O caso mais flagrante da disputa de terra na Matola envolve o antigo primeiro-ministro (PM), Pascoal Mucumbi. Efectivamente, o cidadão Chibafe Alfredo Zibia alega ser proprietário de um terreno agora em disputa desde 1976. Porém, esclarece que o antigo PM usou as suas influências para se apoderar do mesmo.

Actualmente, Chibafe Zibia move um processo contra Mucumbi para reaver o seu terreno, mas até agora nada foi revolvido.

O processo deu entrada na 1ª Secção do Tribunal Judicial da Província de Maputo (TJPM) em meados de 2006, com o número109/06/B, e, de acordo com duas notificações a que @Verdade teve acesso, datadas de 26 de Novembro de 2009 e 4 de Março de 2010, Pascoal Mucumbi e o Conselho Municipal da Cidade da Matola foram notificados pelo referido tribunal para prestarem declarações em volta do caso que a família que se diz prejudicada admite que se trate de “tráfico de influências” e até de “corrupção”.

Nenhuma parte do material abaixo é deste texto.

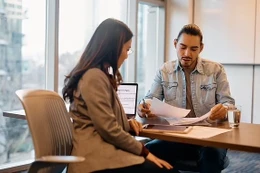 Doanh nghiệp Anh tăng lương 3% nhưng bi quan về tuyển dụng, lo ngại AI thay thế nhân sự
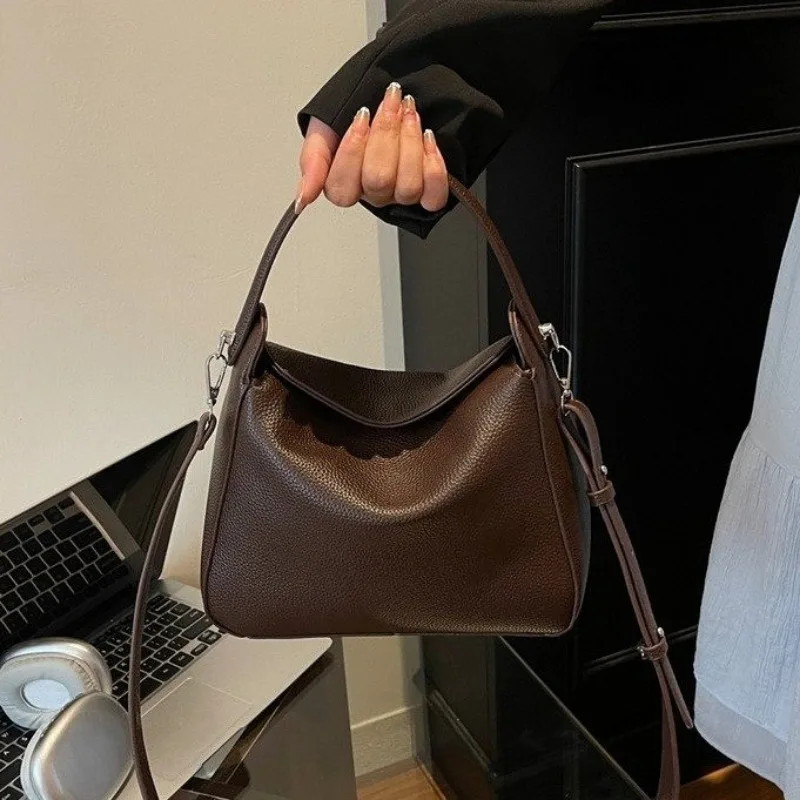 

Versatile Daily Fashion Leather Women Bag Elegant Paris Design Retro Simple Tote Stylish Crossbody Travel Hand Bag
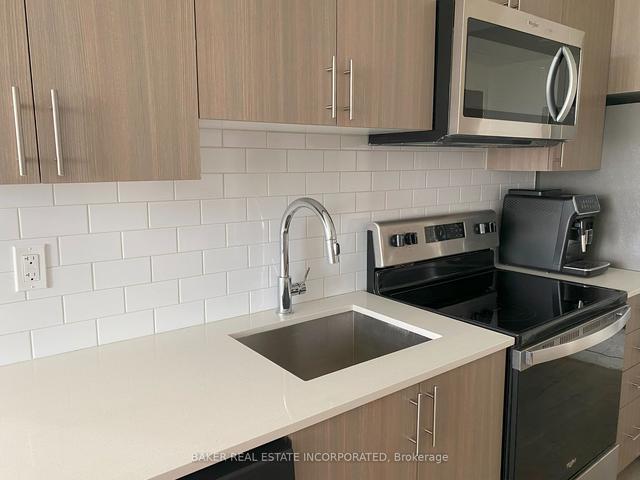 701 - 10 Wilby Cres, Condo with 3 bedrooms, 2 bathrooms and 1 parking in Toronto ON | Image 17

O estranho é que as referidas audiências em tribunal não chegaram a acontecer, alegadamente pelo facto de os réus alternadamente terem “gazetado” às audiências marcadas por aquele órgão judicial. Inconformada, a família Zibia, através do seu advogado, submeteu ao TJPM outro documento datado de 18 de Março de 2011, apelando para a celeridade processual.